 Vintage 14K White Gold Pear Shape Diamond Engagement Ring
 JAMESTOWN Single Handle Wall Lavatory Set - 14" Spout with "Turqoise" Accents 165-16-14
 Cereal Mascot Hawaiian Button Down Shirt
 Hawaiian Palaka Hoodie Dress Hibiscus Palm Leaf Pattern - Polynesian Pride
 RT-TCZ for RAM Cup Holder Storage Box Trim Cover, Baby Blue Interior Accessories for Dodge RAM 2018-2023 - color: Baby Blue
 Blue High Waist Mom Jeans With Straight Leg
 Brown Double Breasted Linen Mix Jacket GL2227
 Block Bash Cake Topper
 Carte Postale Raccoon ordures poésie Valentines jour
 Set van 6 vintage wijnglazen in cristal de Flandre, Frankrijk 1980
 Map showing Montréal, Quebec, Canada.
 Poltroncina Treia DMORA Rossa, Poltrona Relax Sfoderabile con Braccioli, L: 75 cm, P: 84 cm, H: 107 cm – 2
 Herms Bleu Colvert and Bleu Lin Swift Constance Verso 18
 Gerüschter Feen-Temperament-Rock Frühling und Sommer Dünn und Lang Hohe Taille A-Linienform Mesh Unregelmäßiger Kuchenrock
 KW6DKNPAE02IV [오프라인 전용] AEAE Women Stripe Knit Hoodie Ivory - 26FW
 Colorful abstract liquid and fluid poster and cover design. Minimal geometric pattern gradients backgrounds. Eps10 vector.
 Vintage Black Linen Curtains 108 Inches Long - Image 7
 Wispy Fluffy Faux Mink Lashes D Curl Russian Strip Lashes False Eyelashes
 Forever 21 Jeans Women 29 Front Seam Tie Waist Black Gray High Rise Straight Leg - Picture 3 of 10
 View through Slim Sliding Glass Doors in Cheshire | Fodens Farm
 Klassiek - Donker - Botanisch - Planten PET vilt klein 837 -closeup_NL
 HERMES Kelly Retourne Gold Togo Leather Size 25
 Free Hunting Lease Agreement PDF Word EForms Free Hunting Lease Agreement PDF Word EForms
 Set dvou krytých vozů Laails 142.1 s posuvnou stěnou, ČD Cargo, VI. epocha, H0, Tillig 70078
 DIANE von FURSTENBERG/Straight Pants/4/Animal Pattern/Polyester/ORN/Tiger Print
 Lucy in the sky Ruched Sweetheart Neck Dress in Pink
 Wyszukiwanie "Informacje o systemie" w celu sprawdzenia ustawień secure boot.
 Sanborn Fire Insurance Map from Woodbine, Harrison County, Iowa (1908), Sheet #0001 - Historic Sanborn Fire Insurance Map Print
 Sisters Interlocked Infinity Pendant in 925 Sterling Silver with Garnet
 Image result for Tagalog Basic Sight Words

· · · · · · ·

- [PROMPT]:
Copy exactly, and only, the lines from the one containing "DIANE von FURSTENBERG/Straight" through the last line of the listing.

- [TASK RESULT]:
 DIANE von FURSTENBERG/Straight Pants/4/Animal Pattern/Polyester/ORN/Tiger Print
 Lucy in the sky Ruched Sweetheart Neck Dress in Pink
 Wyszukiwanie "Informacje o systemie" w celu sprawdzenia ustawień secure boot.
 Sanborn Fire Insurance Map from Woodbine, Harrison County, Iowa (1908), Sheet #0001 - Historic Sanborn Fire Insurance Map Print
 Sisters Interlocked Infinity Pendant in 925 Sterling Silver with Garnet
 Image result for Tagalog Basic Sight Words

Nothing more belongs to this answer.